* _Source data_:
------------------------------------------------------------

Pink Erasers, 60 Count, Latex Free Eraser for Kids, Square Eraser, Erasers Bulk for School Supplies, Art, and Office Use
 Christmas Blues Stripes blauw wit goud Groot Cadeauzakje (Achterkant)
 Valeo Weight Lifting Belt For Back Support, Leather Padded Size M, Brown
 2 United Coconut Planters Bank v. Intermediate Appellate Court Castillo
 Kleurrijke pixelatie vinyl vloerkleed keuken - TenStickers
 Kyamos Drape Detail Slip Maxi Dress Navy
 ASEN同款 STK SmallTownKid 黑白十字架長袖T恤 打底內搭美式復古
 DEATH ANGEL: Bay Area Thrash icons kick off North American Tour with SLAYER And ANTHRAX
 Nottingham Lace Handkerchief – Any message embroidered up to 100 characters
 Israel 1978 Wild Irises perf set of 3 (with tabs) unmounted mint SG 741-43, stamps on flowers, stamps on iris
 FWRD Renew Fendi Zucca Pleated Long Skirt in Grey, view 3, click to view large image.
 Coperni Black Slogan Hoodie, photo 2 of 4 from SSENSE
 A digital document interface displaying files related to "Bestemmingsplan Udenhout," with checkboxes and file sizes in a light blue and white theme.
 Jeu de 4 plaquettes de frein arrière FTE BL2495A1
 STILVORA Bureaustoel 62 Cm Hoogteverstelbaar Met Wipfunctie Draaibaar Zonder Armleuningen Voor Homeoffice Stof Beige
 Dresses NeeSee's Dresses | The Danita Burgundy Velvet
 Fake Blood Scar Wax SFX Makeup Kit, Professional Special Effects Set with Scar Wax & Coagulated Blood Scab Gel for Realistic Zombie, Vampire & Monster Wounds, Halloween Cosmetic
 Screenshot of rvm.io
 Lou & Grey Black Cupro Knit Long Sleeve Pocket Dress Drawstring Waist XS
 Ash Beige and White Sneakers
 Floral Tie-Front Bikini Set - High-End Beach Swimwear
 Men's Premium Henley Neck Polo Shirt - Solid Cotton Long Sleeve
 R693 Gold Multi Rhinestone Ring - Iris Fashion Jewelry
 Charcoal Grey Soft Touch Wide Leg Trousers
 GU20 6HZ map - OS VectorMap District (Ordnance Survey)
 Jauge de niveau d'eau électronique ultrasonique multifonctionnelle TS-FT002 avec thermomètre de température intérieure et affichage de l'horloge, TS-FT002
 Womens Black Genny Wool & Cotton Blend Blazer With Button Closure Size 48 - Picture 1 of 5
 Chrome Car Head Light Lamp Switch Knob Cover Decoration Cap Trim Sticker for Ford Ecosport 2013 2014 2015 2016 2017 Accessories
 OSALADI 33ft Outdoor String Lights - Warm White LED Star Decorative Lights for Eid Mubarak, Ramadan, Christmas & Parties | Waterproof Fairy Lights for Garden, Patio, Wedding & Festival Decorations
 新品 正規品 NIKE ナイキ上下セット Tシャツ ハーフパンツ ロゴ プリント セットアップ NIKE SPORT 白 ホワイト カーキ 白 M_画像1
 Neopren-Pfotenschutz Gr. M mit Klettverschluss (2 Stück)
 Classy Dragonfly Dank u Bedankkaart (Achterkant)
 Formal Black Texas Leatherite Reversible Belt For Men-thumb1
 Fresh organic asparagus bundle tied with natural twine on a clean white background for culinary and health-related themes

------------------------------------------------------------

* _YOUR INSTRUCTIONS_: All of the records above are to be set down again exactly.

* _SOLUTION_:
Pink Erasers, 60 Count, Latex Free Eraser for Kids, Square Eraser, Erasers Bulk for School Supplies, Art, and Office Use
 Christmas Blues Stripes blauw wit goud Groot Cadeauzakje (Achterkant)
 Valeo Weight Lifting Belt For Back Support, Leather Padded Size M, Brown
 2 United Coconut Planters Bank v. Intermediate Appellate Court Castillo
 Kleurrijke pixelatie vinyl vloerkleed keuken - TenStickers
 Kyamos Drape Detail Slip Maxi Dress Navy
 ASEN同款 STK SmallTownKid 黑白十字架長袖T恤 打底內搭美式復古
 DEATH ANGEL: Bay Area Thrash icons kick off North American Tour with SLAYER And ANTHRAX
 Nottingham Lace Handkerchief – Any message embroidered up to 100 characters
 Israel 1978 Wild Irises perf set of 3 (with tabs) unmounted mint SG 741-43, stamps on flowers, stamps on iris
 FWRD Renew Fendi Zucca Pleated Long Skirt in Grey, view 3, click to view large image.
 Coperni Black Slogan Hoodie, photo 2 of 4 from SSENSE
 A digital document interface displaying files related to "Bestemmingsplan Udenhout," with checkboxes and file sizes in a light blue and white theme.
 Jeu de 4 plaquettes de frein arrière FTE BL2495A1
 STILVORA Bureaustoel 62 Cm Hoogteverstelbaar Met Wipfunctie Draaibaar Zonder Armleuningen Voor Homeoffice Stof Beige
 Dresses NeeSee's Dresses | The Danita Burgundy Velvet
 Fake Blood Scar Wax SFX Makeup Kit, Professional Special Effects Set with Scar Wax & Coagulated Blood Scab Gel for Realistic Zombie, Vampire & Monster Wounds, Halloween Cosmetic
 Screenshot of rvm.io
 Lou & Grey Black Cupro Knit Long Sleeve Pocket Dress Drawstring Waist XS
 Ash Beige and White Sneakers
 Floral Tie-Front Bikini Set - High-End Beach Swimwear
 Men's Premium Henley Neck Polo Shirt - Solid Cotton Long Sleeve
 R693 Gold Multi Rhinestone Ring - Iris Fashion Jewelry
 Charcoal Grey Soft Touch Wide Leg Trousers
 GU20 6HZ map - OS VectorMap District (Ordnance Survey)
 Jauge de niveau d'eau électronique ultrasonique multifonctionnelle TS-FT002 avec thermomètre de température intérieure et affichage de l'horloge, TS-FT002
 Womens Black Genny Wool & Cotton Blend Blazer With Button Closure Size 48 - Picture 1 of 5
 Chrome Car Head Light Lamp Switch Knob Cover Decoration Cap Trim Sticker for Ford Ecosport 2013 2014 2015 2016 2017 Accessories
 OSALADI 33ft Outdoor String Lights - Warm White LED Star Decorative Lights for Eid Mubarak, Ramadan, Christmas & Parties | Waterproof Fairy Lights for Garden, Patio, Wedding & Festival Decorations
 新品 正規品 NIKE ナイキ上下セット Tシャツ ハーフパンツ ロゴ プリント セットアップ NIKE SPORT 白 ホワイト カーキ 白 M_画像1
 Neopren-Pfotenschutz Gr. M mit Klettverschluss (2 Stück)
 Classy Dragonfly Dank u Bedankkaart (Achterkant)
 Formal Black Texas Leatherite Reversible Belt For Men-thumb1
 Fresh organic asparagus bundle tied with natural twine on a clean white background for culinary and health-related themes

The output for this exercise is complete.